• What you should do
What you give back must match the records below exactly, apart from the pictures, which are omitted.
──────────────────────────────
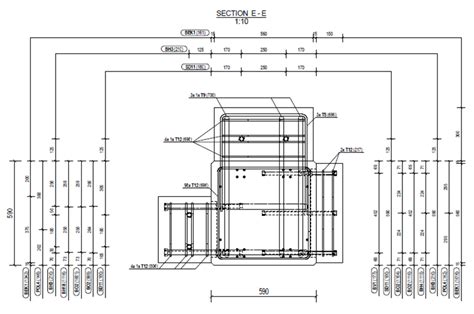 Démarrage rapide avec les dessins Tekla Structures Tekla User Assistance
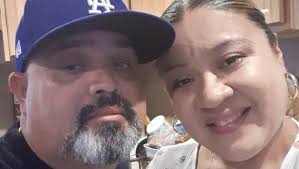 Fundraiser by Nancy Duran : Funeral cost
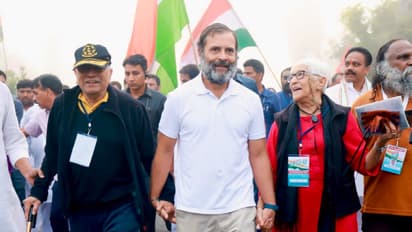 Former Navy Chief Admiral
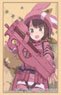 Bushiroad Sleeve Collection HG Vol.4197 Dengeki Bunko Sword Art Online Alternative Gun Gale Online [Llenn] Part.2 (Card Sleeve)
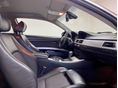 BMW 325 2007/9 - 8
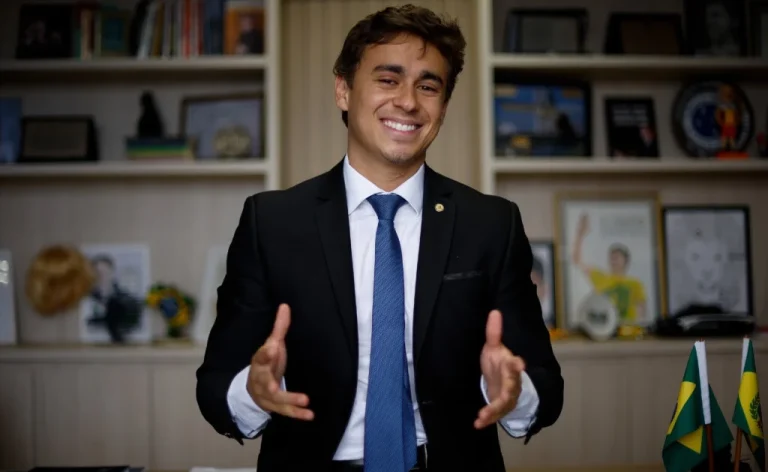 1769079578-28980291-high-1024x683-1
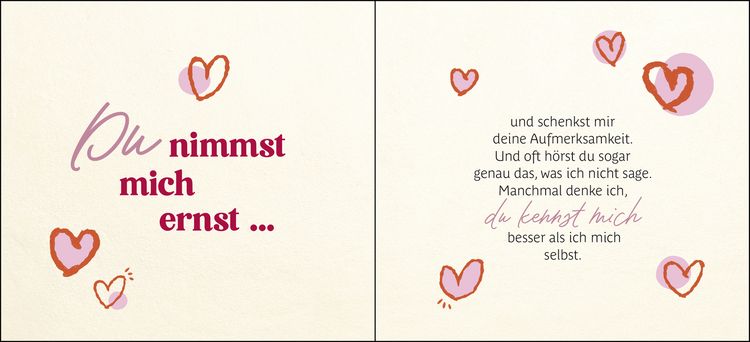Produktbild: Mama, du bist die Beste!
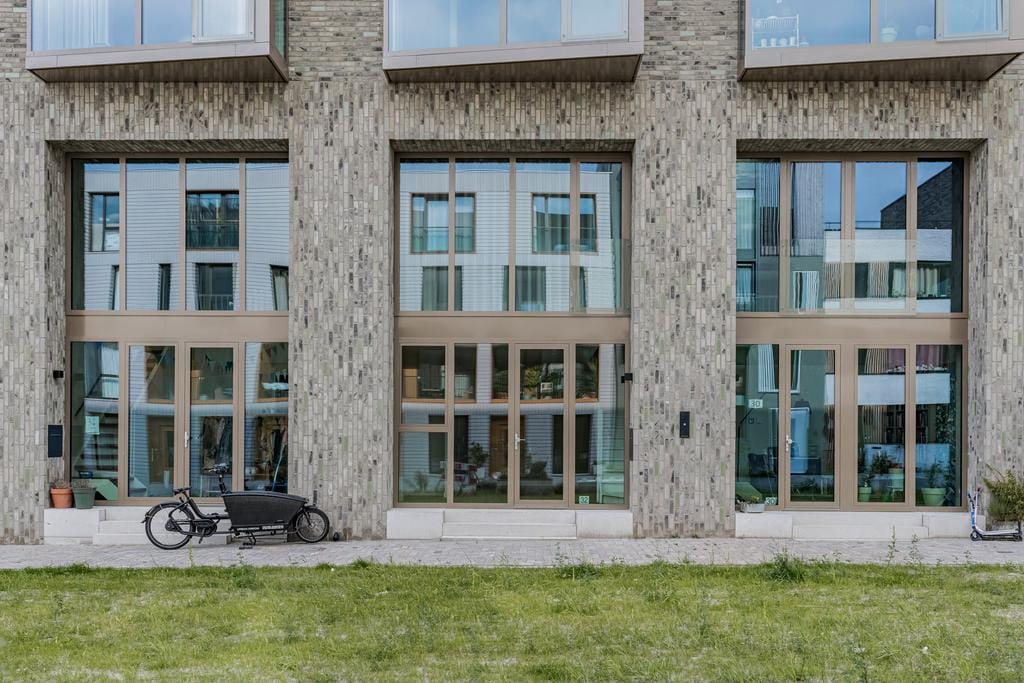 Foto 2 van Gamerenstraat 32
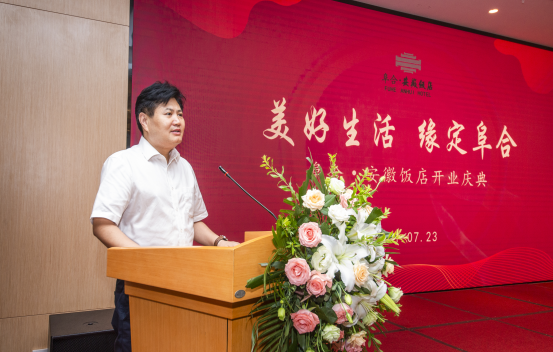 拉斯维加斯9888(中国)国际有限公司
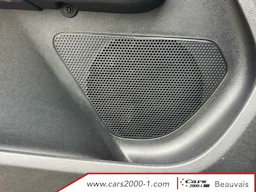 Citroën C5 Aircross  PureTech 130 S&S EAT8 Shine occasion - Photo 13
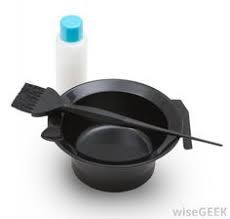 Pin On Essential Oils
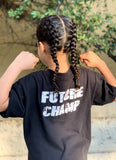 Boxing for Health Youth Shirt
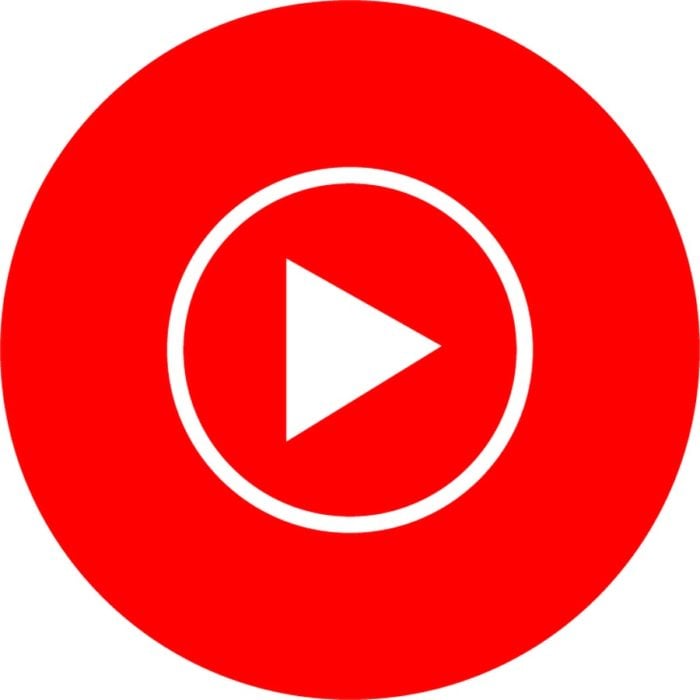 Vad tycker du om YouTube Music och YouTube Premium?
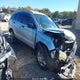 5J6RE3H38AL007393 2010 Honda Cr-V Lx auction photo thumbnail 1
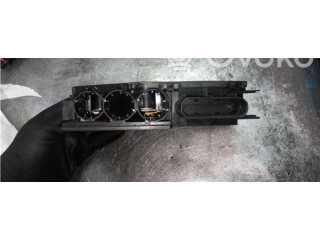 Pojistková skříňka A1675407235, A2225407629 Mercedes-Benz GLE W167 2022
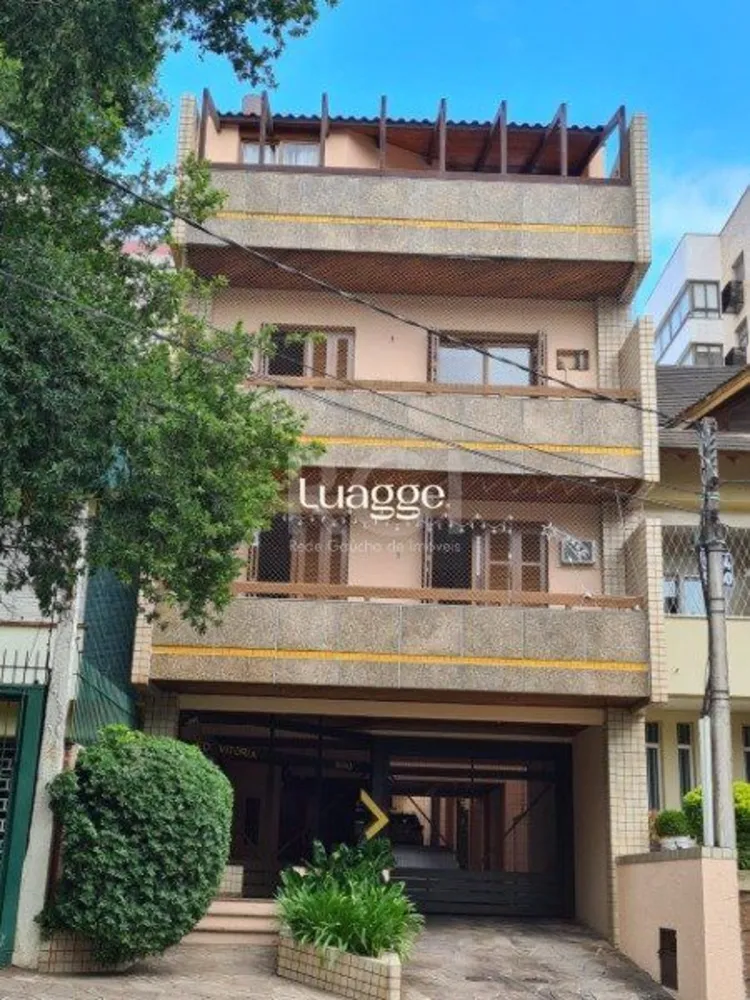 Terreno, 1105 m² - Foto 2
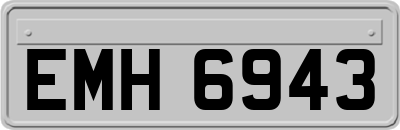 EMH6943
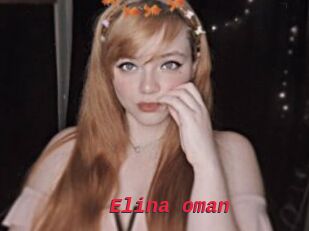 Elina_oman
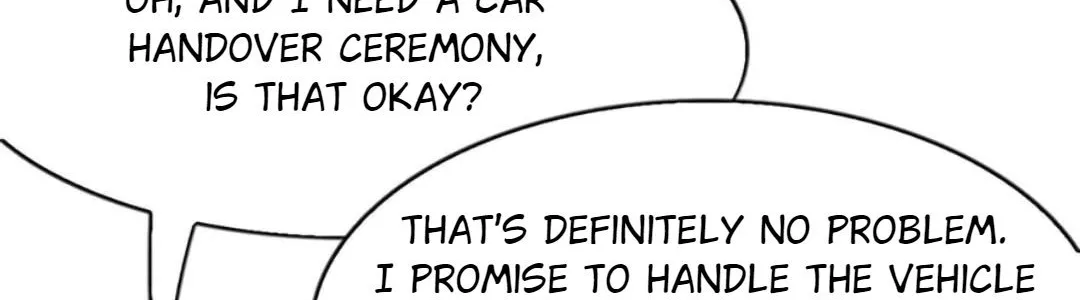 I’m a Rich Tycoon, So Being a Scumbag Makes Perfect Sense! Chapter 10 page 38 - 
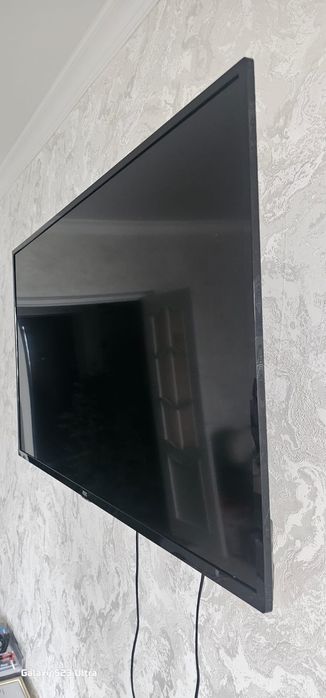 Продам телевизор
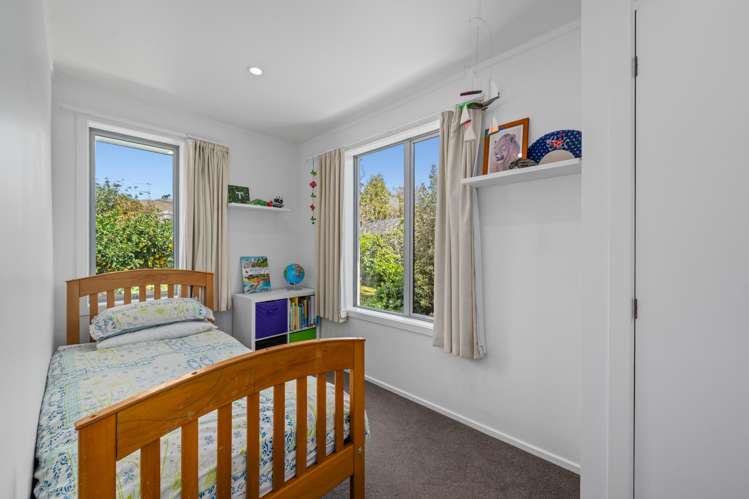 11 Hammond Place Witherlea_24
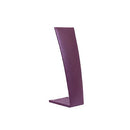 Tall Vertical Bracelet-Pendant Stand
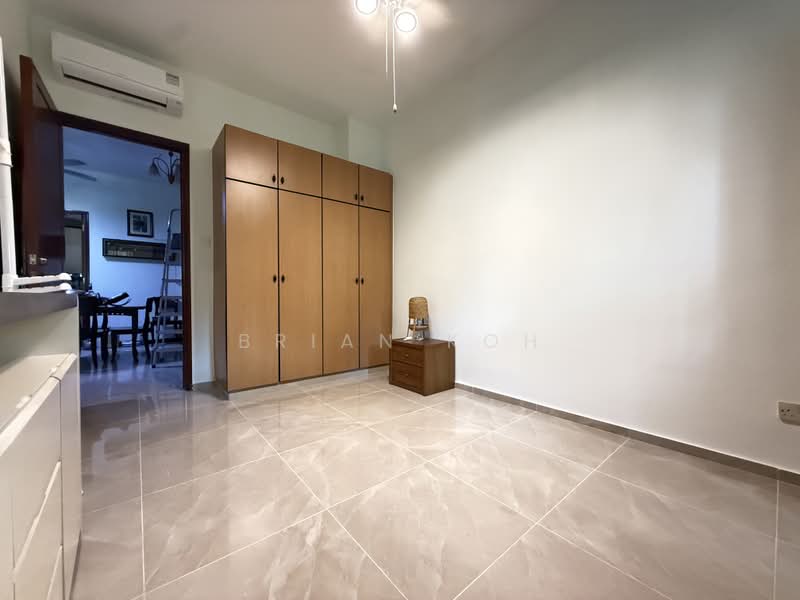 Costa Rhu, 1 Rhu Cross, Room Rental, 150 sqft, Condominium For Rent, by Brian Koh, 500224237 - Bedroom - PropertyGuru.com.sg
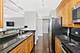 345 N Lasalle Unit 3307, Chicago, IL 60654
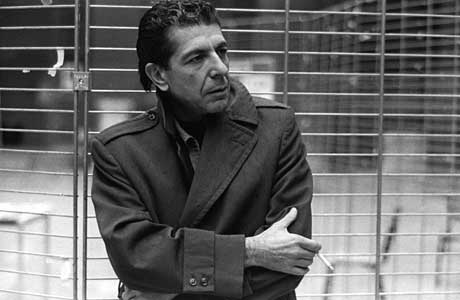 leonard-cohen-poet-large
──────────────────────────────
• Written answer
 Démarrage rapide avec les dessins Tekla Structures Tekla User Assistance
 Fundraiser by Nancy Duran : Funeral cost
 Former Navy Chief Admiral
 Bushiroad Sleeve Collection HG Vol.4197 Dengeki Bunko Sword Art Online Alternative Gun Gale Online [Llenn] Part.2 (Card Sleeve)
 BMW 325 2007/9 - 8
 1769079578-28980291-high-1024x683-1
Produktbild: Mama, du bist die Beste!
 Foto 2 van Gamerenstraat 32
 拉斯维加斯9888(中国)国际有限公司
 Citroën C5 Aircross  PureTech 130 S&S EAT8 Shine occasion - Photo 13
 Pin On Essential Oils
 Boxing for Health Youth Shirt
 Vad tycker du om YouTube Music och YouTube Premium?
 5J6RE3H38AL007393 2010 Honda Cr-V Lx auction photo thumbnail 1
 Pojistková skříňka A1675407235, A2225407629 Mercedes-Benz GLE W167 2022
 Terreno, 1105 m² - Foto 2
 EMH6943
 Elina_oman
 I’m a Rich Tycoon, So Being a Scumbag Makes Perfect Sense! Chapter 10 page 38 - 
 Продам телевизор
 11 Hammond Place Witherlea_24
 Tall Vertical Bracelet-Pendant Stand
 Costa Rhu, 1 Rhu Cross, Room Rental, 150 sqft, Condominium For Rent, by Brian Koh, 500224237 - Bedroom - PropertyGuru.com.sg
 345 N Lasalle Unit 3307, Chicago, IL 60654
 leonard-cohen-poet-large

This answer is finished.